HHS recently posted the proposed 2017 Essential Health Benefit (EHB) benchmark benefit plans (BBP) and supporting documents for the 50 states and DC. Though the 30-day public comment period is short, it provides an important opportunity for state advocates and stakeholders to review their state’s EHB BBP and raise any concerns before final federal approval.
The EHB requirements are intended to ensure that all private health insurance plans have robust coverage. As Say Ahhh! readers know, we are concerned about whether private health insurance options for children and families are comparable to other forms of coverage such as the Children’s Health Insurance Program (CHIP). But the proposed 2017 EHB BBP provides an opportunity to ensure that private coverage options meet the Affordable Care Act’s requirements for comprehensive coverage.

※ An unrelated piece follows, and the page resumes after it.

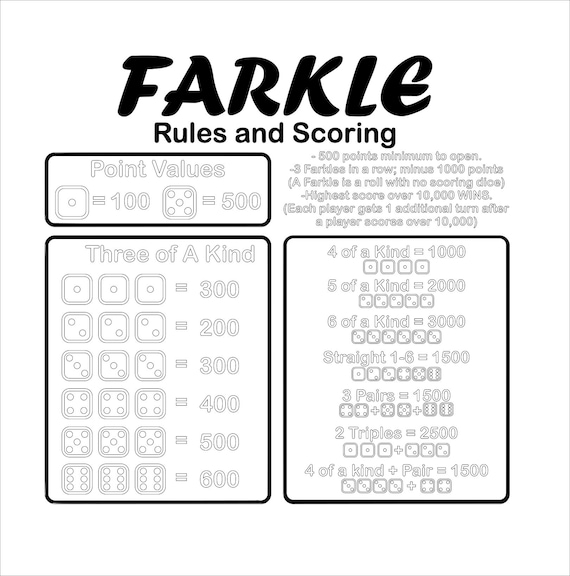 Farkle Farkle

If you’re like me, the task of reviewing each of these benefits to make sure they deliver on the promises of the ACA in such a short time is totally overwhelming. But fear not! Michelle Lilienfeld at the National Health Law Program prepared an EHB overview to get your head back in the game and a handy step-by-step guide to make the benchmark analysis much easier. It is unlikely that the federal review process will result in a different EHB BBP selection, so it is best to focus on whether the selection complies with the law and is as strong as possible for children and families. Here are the steps:
- Find your state’s proposed 2017 EHB BBP
- Review the additional materials, including the benchmark benefits chart and the supporting benefits document
- Ensure the 10 EHB statutory benefit categories are covered
- Ensure benefit categories are supplemented correctly
- If your state has made plan documents on all of the possible EHB BBP options, compare the selected EHB BBP to the other options and identify the best choice for your state
- Review your state’s EHB BBP prescription drug coverage
- Raise any concerns regarding discriminatory benefit design
As you review the EHB BBP, there are a couple of additional items to keep in mind with respect to coverage for children and families. Asking the questions below can help you focus on their unique needs:
Are pediatric vision and dental benefits included in the EHB BBP? If not, are they accounted for via supplementation? EHB BBP selections that do not include pediatric vision and dental services must be supplemented with either the Federal Employees Dental and Vision Program (FEDVIP) or the benefits available under the state’s separate CHIP plan.
Does the EHB BBP comply with the new uniform definition of habilitative services?
Does the EHB BBP cover children up to age 19?
Are any benefits limited based on age, raising questions about discriminatory benefit design?
The 30-day public comment period ends on September 30, 2015, so the time is now to review your state’s submission and raise any concerns!